## Given data
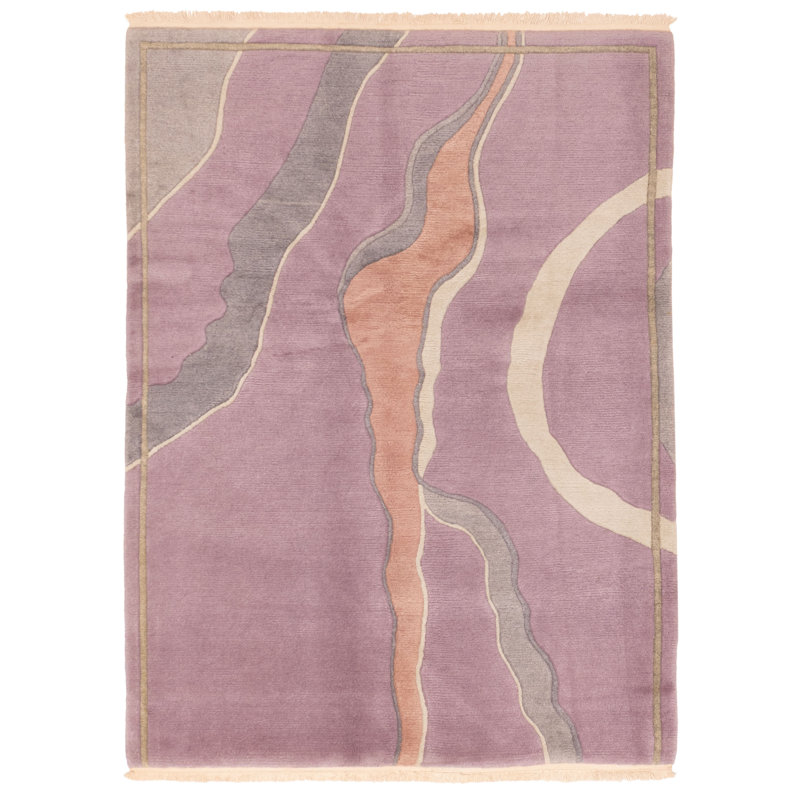 Tapis mauve Opulence 4 pi 8 po x 6 pi 5 po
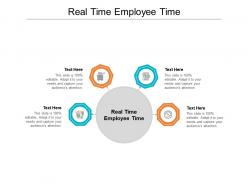 Real time employee time ppt powerpoint presentation model slides cpb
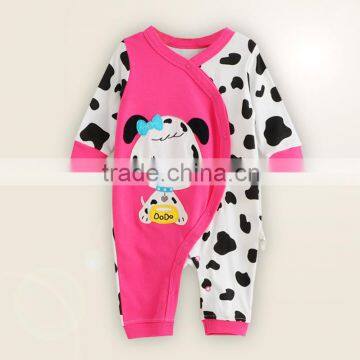 2016 New Design factory OEM girls baby romper with baby clothing china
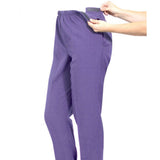 Silverts SV23050 Womens Easy Access Pants-Purple Haze-Small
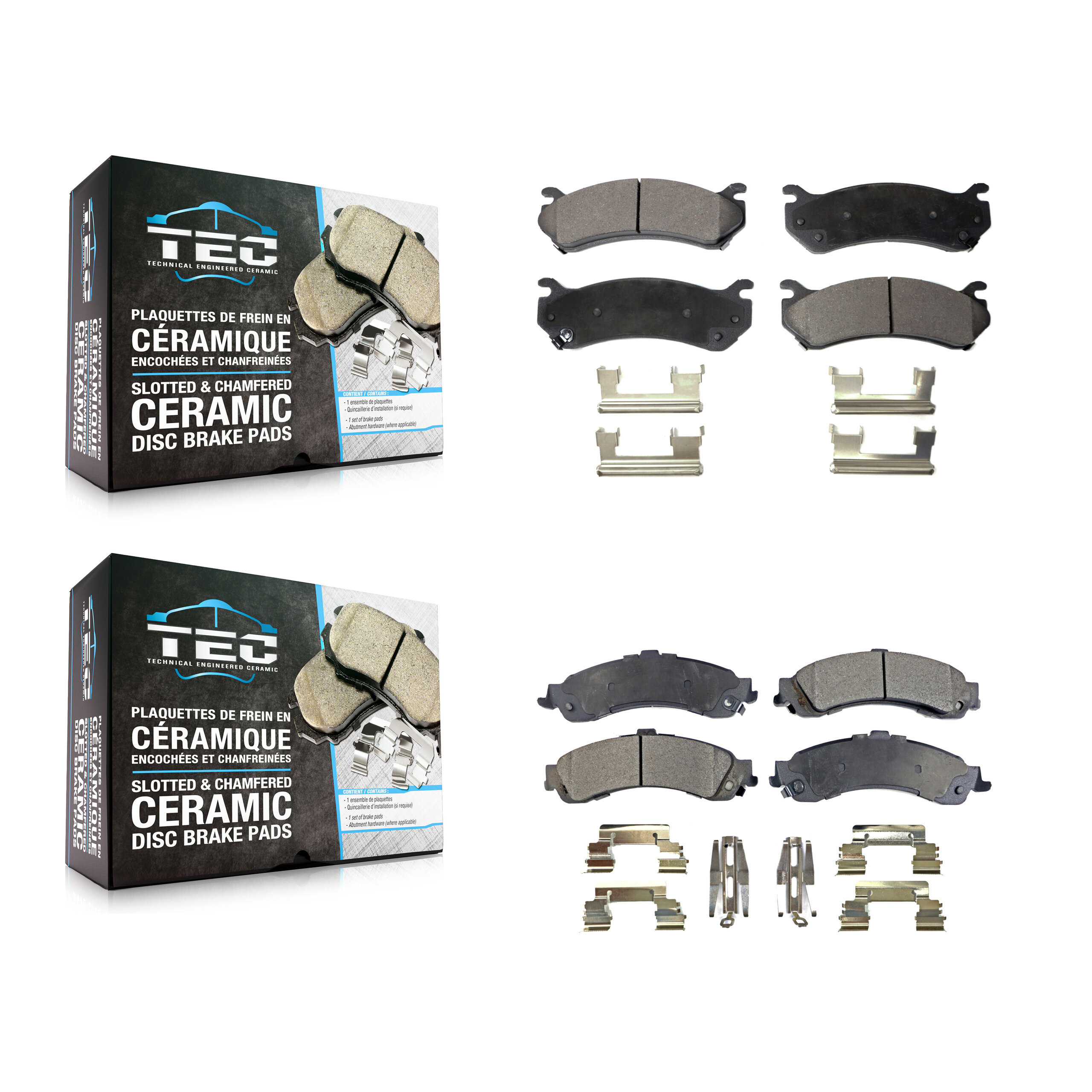 TEC - KTC-100393 - Front and Rear Disc Brake Pad Kits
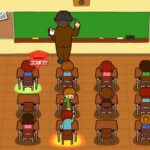 ドキドキ手紙リレーのゲーム画面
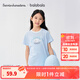 巴拉巴拉童裝兒童短袖女童t恤夏2025款【hellokittyIP商場(chǎng)同款】 粉藍80005 150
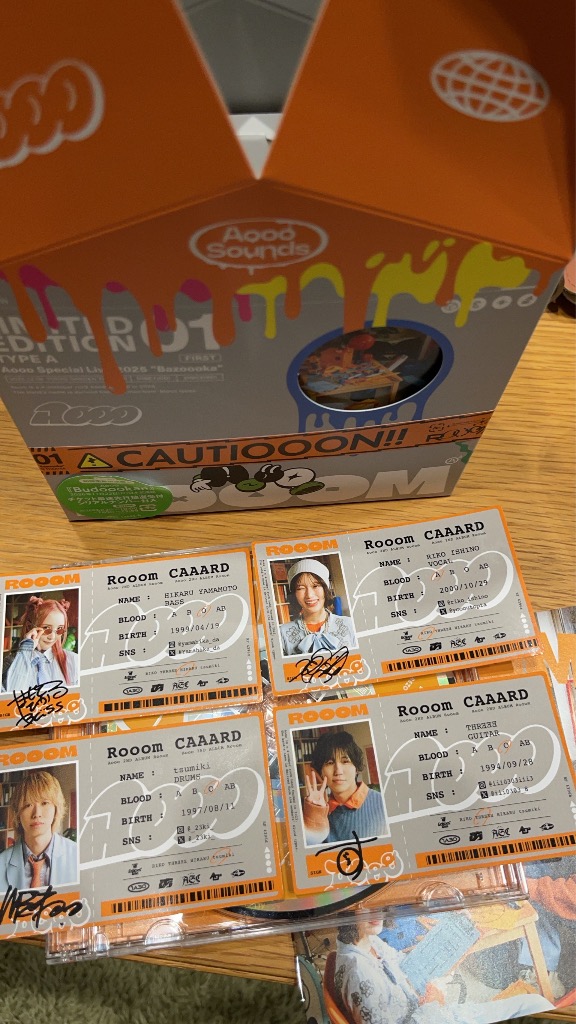 Aooo Rooom ［CD+Blu-ray Disc］＜初回生産限定盤A＞ CD
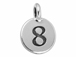 TierraCast Pewter Number Charm Antique Silver Plated - 8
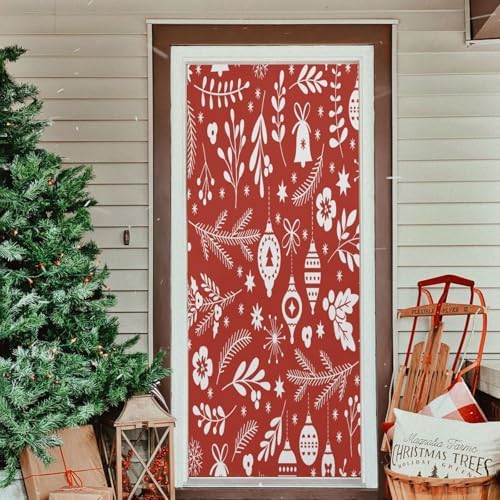 Susiyo Christmas Bell Snowflake Door Cover 32x79 in
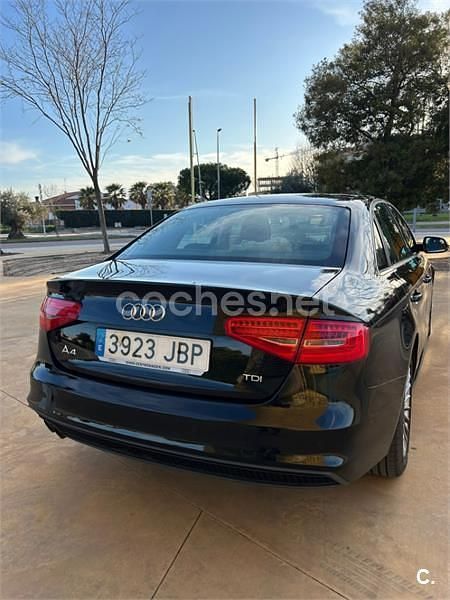 Usado Audi A4 S-Line 150 CV (110 kW) 2014 Negro Familiar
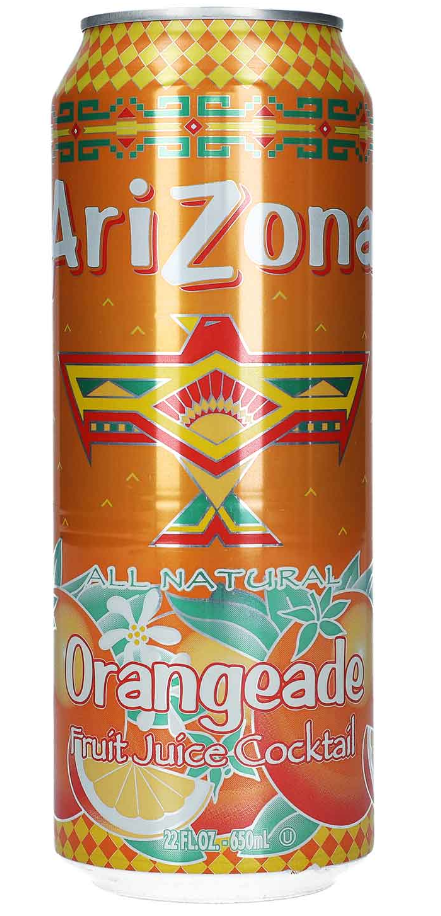 Arizona Orangeade 650ml USA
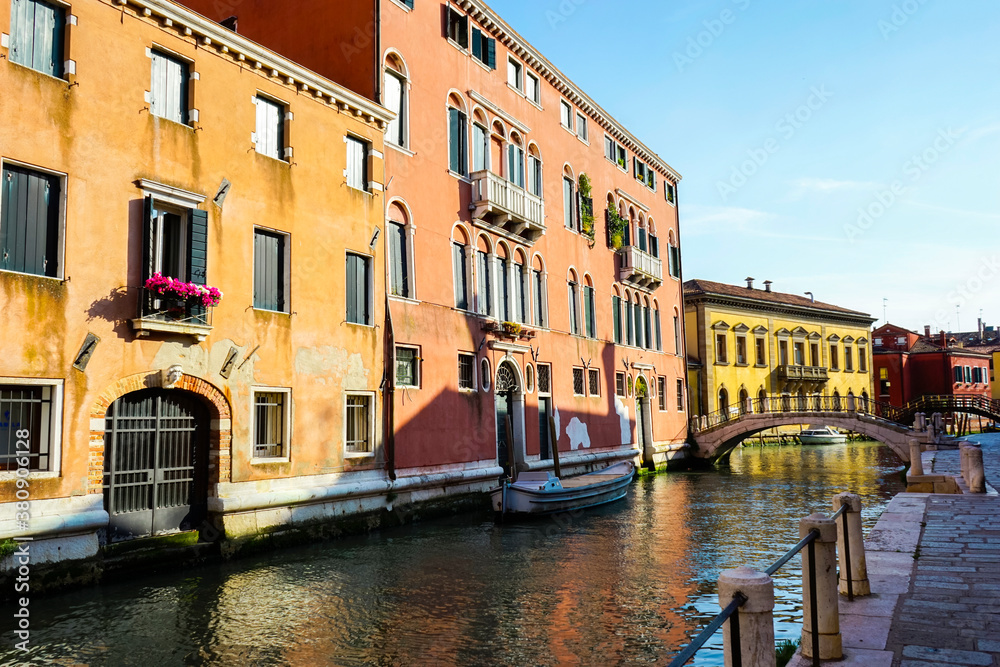 Landmark Canal in Venice Italy
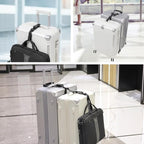Vigorport Luggage Straps, Luggage Connector Straps for Suitcases Add A Bag and Connect Your 2 Suitcases Together Adjustable Attachment Accessories Belts (1'' Width S Size)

## Brief
Give back the exact lines above, running from the one that has "Aooo Rooom ［CD+Blu-ray Disc］＜初回生産限定盤A＞ CD" through the one that has "Landmark Canal in Venice Italy", with nothing added and no pictures.

## Answer to the exercise
 Aooo Rooom ［CD+Blu-ray Disc］＜初回生産限定盤A＞ CD
 TierraCast Pewter Number Charm Antique Silver Plated - 8
 Susiyo Christmas Bell Snowflake Door Cover 32x79 in
 Usado Audi A4 S-Line 150 CV (110 kW) 2014 Negro Familiar
 Arizona Orangeade 650ml USA
 Landmark Canal in Venice Italy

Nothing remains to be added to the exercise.